* Work instruction: For the listing below, the answer is an exact retyping of the lines from the one with "Rosa Flamingo in" through the one with "Sensual blonde Shelby", both included, without pictures.

* The data:

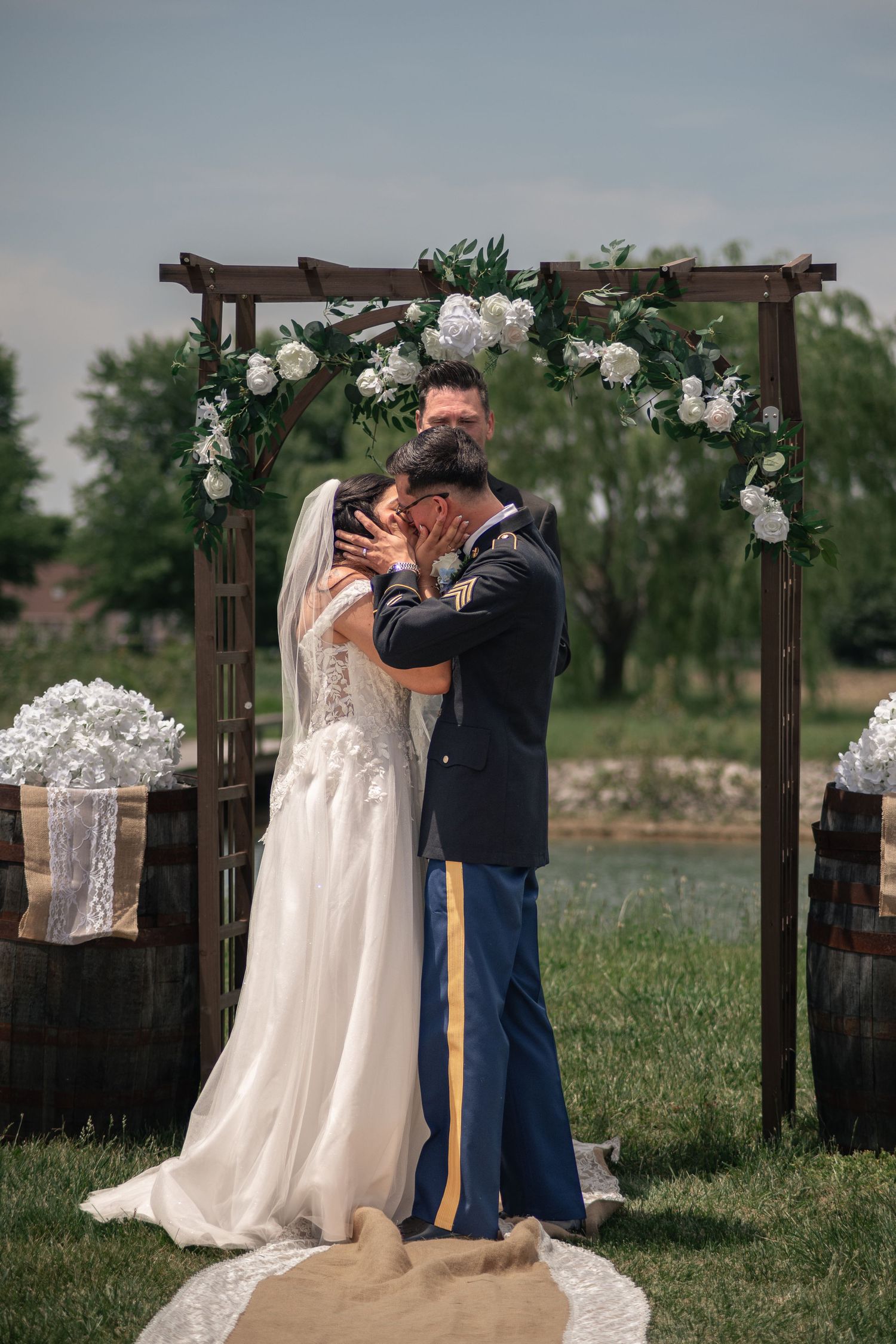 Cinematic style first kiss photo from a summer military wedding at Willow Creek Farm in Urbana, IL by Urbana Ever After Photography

---

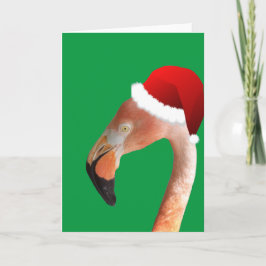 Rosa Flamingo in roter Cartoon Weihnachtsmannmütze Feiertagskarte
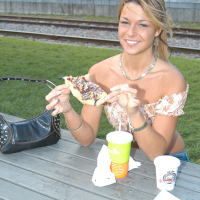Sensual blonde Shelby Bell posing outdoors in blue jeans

* * *

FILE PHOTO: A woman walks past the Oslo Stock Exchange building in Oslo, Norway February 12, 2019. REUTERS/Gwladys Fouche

* Finished exercise:
 Rosa Flamingo in roter Cartoon Weihnachtsmannmütze Feiertagskarte
Sensual blonde Shelby Bell posing outdoors in blue jeans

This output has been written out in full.